Reputation: 343
I have an input file that does not have a consistent structure for the fields. What I'm trying to do is find the correct two fields and print their content on the same line.
EDIT: Here is a potential example for the input file:
abc=012 aaa=000 cba=210 bbb=111
aaa=555 abc=567 cba=765 bbb=666
aaa=444 abc=456 bbb=555 cba=654
This program almost works
awk '{for(i=1;i<=NF;i++){if ($i ~ /aaa/) {print $i}}}' file
awk '{for(i=1;i<=NF;i++){if ($i ~ /bbb/) {print $i}}}' file
However, this prints everything on a new field, and it does not display the data correctly either:
aaa=000
aaa=555
aaa=444
bbb=111
bbb=666
bbb=555
What I need is for the field aaa to follow the field bbb on the same line, like this:
aaa=000 bbb=111
aaa=555 bbb=666
aaa=444 bbb=555
How can this be done?
Upvotes: 3
Views: 3086
Reputation: 92904
awk solution:
awk '{ for(i=1;i<=NF;i++) if($i~/^(aaa|bbb)=/){ printf "%s%s",(!c++? "":FS),$i };
print ""; c=0 }' file
Or with short GNU awk (assuming that aaa
is always goes first):
awk 'match($0,/(aaa=[0-9]+).* (bbb=[0-9]+)/,a){ print a[1],a[2] }' file
The output for both approaches:
aaa=000 bbb=111
aaa=555 bbb=666
aaa=444 bbb=555
Upvotes: 1
Reputation: 3089
using GNU awk with multi char record separator
This will work even if bbb
comes before aaa
in the string
$ awk -v RS="[ \n]" '/aaa|bbb/{ printf $1 (i++%2==0? " " : ORS) }' file
Output:
aaa=000 bbb=111
aaa=555 bbb=666
aaa=444 bbb=555
-v RS="[ \n]"
: Set space and
\n
as the record separator
/aaa|bbb/{ printf $1 (i++%2==0? " " : ORS) }
: If field contains aaa
or bbb
then print it.
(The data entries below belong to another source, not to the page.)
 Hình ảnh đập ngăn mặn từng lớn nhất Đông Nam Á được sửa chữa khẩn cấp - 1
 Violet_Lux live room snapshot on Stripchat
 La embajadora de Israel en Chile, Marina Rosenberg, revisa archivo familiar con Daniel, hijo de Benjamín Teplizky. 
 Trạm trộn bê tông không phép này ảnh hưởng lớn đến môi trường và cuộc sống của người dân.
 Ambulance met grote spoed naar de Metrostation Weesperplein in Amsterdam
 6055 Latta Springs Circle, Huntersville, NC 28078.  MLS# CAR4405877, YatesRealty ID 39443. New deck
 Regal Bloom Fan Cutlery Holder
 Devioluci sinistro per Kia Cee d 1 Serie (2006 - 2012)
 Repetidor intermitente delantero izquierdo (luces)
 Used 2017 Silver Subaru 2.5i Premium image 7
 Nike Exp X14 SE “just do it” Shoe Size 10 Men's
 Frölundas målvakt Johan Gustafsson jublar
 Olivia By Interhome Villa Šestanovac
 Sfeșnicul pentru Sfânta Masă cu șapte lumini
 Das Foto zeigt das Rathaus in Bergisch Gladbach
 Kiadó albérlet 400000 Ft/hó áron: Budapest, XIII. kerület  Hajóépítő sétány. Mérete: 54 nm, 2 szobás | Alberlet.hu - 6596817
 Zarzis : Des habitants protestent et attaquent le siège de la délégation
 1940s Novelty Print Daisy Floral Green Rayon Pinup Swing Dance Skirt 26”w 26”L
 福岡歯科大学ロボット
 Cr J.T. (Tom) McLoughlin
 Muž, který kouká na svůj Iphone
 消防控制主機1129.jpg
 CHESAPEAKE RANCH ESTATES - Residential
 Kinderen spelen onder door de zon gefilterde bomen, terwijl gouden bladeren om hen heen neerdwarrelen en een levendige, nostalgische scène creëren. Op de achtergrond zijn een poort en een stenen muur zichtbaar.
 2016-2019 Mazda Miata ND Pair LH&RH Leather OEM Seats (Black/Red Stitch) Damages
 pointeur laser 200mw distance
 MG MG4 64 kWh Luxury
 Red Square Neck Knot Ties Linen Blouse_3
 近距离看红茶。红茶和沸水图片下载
If i++%2==0
then print append else append
\n
Upvotes: 1
Reputation: 16997
Here is awk
, using match()
and substr()
function, modify search="..."
variable according to your need, the order you input the same way it will give you result.
awk -v search="aaa,bbb" '
BEGIN{
n=split(search, arr, /,/)
}
{
for(i=1; i in arr; i++)
printf("%s%s", (match($0,"(^| )"arr[i]"=[^ ]*") ? substr($0,(RSTART>1?RSTART+1:RSTART),(RSTART>1?RLENGTH-1:RLENGTH)) : ""), i==n ? ORS : OFS)
}' infile
Test Results:
akshay@db-3325:/tmp$ cat infile
abc=012 aaa=000 cba=210 bbb=111
aaa=555 abc=567 cba=765 bbb=666
aaa=444 abc=456 bbb=555 cba=654
akshay@db-3325:/tmp$ awk -v search="aaa,bbb" '
BEGIN{
n=split(search, arr, /,/)
}
{
for(i=1; i in arr; i++)
printf("%s%s", (match($0,"(^| )"arr[i]"=[^ ]*") ? substr($0,(RSTART>1?RSTART+1:RSTART),(RSTART>1?RLENGTH-1:RLENGTH)) : ""), i==n ? ORS : OFS)
}' infile
aaa=000 bbb=111
aaa=555 bbb=666
aaa=444 bbb=555
Explanation
awk -v search="aaa,bbb" ' # call awk set variable search
BEGIN{
# split string in variable search
# into array, separated by comma
# arr[1] will have aaa
# arr[2] will have bbb
# variable n will have 2, which is count of array
n=split(search, arr, /,/)
}
{
# loop through array arr
for(i=1; i in arr; i++)
{
found = 0 # default state
# if there is match
# beginning or space followed by your word
# = anything except space char
# which creates regexp like :
# /(^| )aaa=[^ ]*/
# /(^| )bbb=[^ ]*/
# if matches then
if(match($0,"(^| )"arr[i]"=[^ ]*")){
# if it was not beginning then there will be space char
# lets increment starting position and decrement length
if(RSTART>1){
RSTART++ # we got space so one char +
RLENGTH-- # lenght one char -
}
found =1 # found flag
}
# ternary operator syntax : ( your_condition ) ? true_action : false_action
# if found is true then use substr
# else ""
# if i equal n then print output row separator else output field separaor
printf("%s%s", ( found ? substr($0,RSTART,RLENGTH) : ""), i==n ? ORS : OFS)
}
}' infile
Upvotes: 2